If you have the rack space, I would do Individual Slices. The benefit...Overnight Curing and in 2 to 4 hours you have incredible Smoke Flavor. You can get Stackable Cooling Racks to turn one rack into multiple racks. You can get Ten Pounds, plus of Bacon Cured and Smoked in Days rather than Weeks...JJ


----------



## fivetricks (Jan 20, 2020)

smokerjim said:


> I think it's called uncured because they don't use nitrites or nitrates but they do use celery juice, celery salt which naturally cures it.
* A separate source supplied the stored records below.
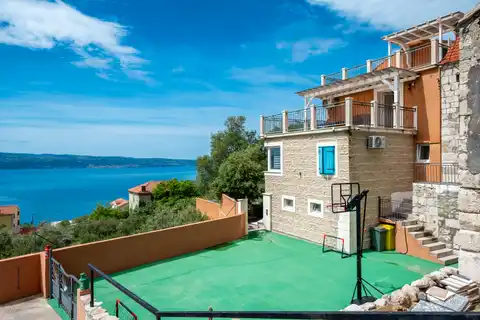 Split - Autentična vila među maslinicima s pogledom na more i bazenom
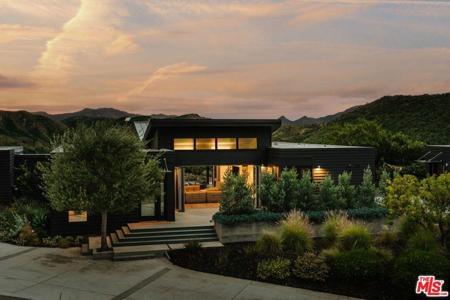 3649 Kanan Road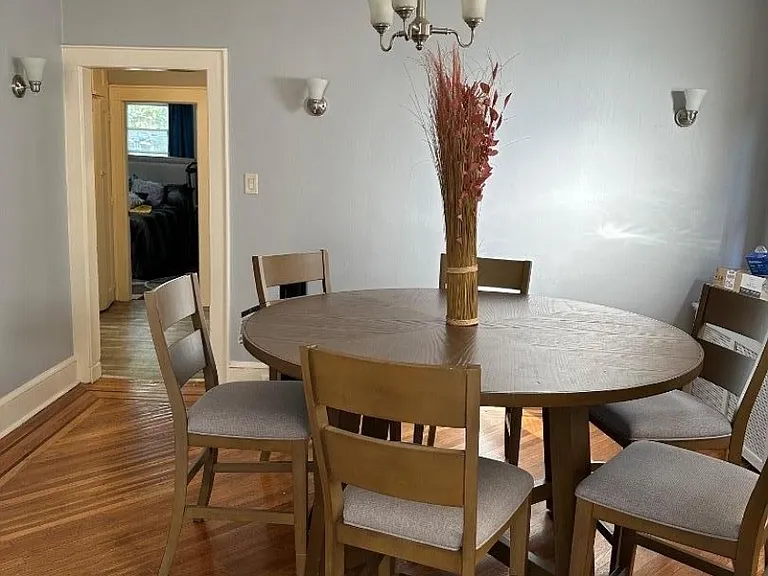 56 Monticello Ave — Photo 4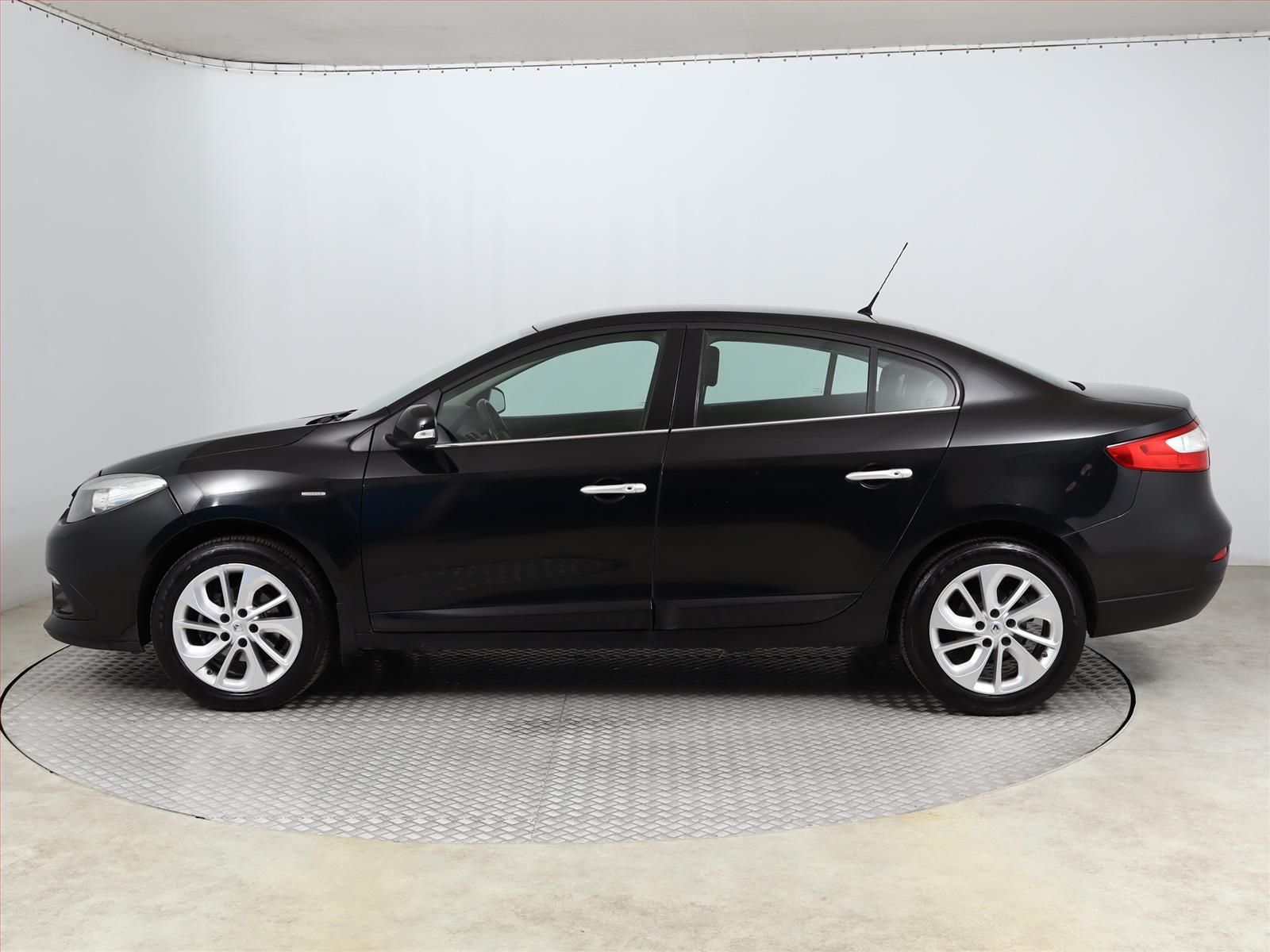 Renault Fluence, 1.5 dCi, Automatická klima - fotka 3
Nope. I'm talking about belly, cut juuust a hair thicker than thick cut bacon and slapped into a styro container and thrown in the meat cooler. No cure, no celery juice, nothing like that.

Don't get.me.started on the folks that buy celery juice cured items to "avoid nitrates" :-)


----------



## smokerjim (Jan 20, 2020)

fivetricks said:


> Nope. I'm talking about belly, cut juuust a hair thicker than thick cut bacon and slapped into a styro container and thrown in the meat cooler. No cure, no celery juice, nothing like that.
> 
> Don't get.me.started on the folks that buy celery juice cured items to "avoid nitrates" :-)


ok thanks my mistake. I thought you were talking about the other stuff cured with you know what, i'm not going to say it out loud.


----------